§ WORK TASK
Please give back each entry below unaltered, leaving the pictures out.

*** MATERIAL FOR THE TASK

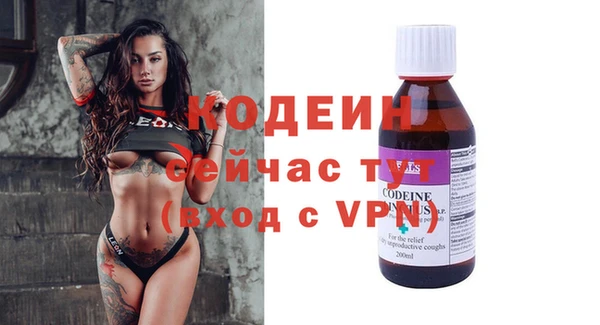 молекула духа Абинск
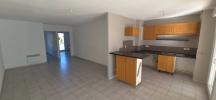 For rent Apartment Istres Istres 62 m2 3 pieces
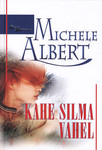 Kahe silma vahel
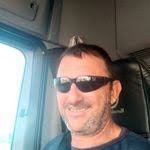 Dino Nanni's Instagram, Twitter & Facebook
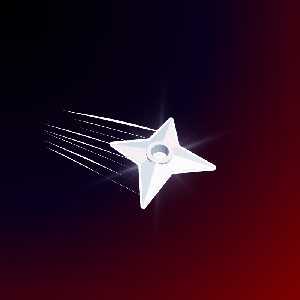play Target Fury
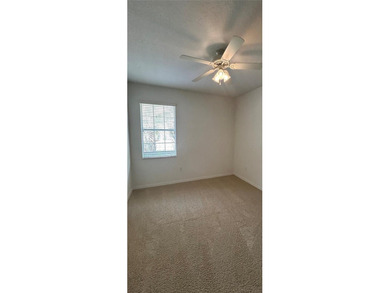 PRICE REDUCED TO $279,000. SELLER IS MOTIVATED. Welcome to - photo 26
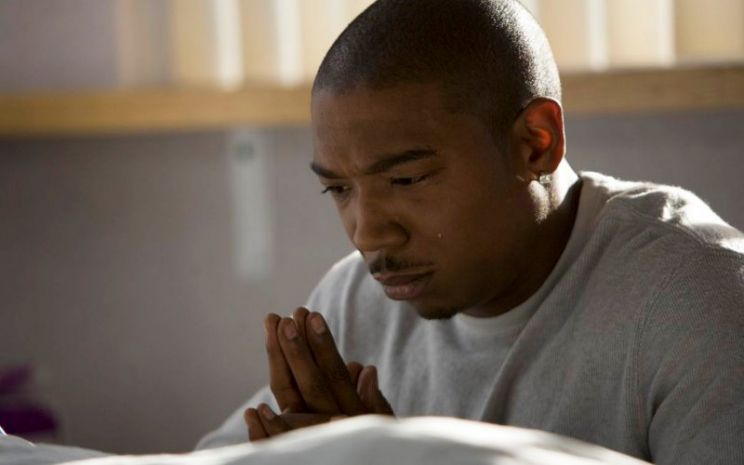 Ja Rule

******

§ PROBLEM SOLUTION
 молекула духа Абинск
 For rent Apartment Istres Istres 62 m2 3 pieces
 Kahe silma vahel
 Dino Nanni's Instagram, Twitter & Facebook
play Target Fury
 PRICE REDUCED TO $279,000. SELLER IS MOTIVATED. Welcome to - photo 26
 Ja Rule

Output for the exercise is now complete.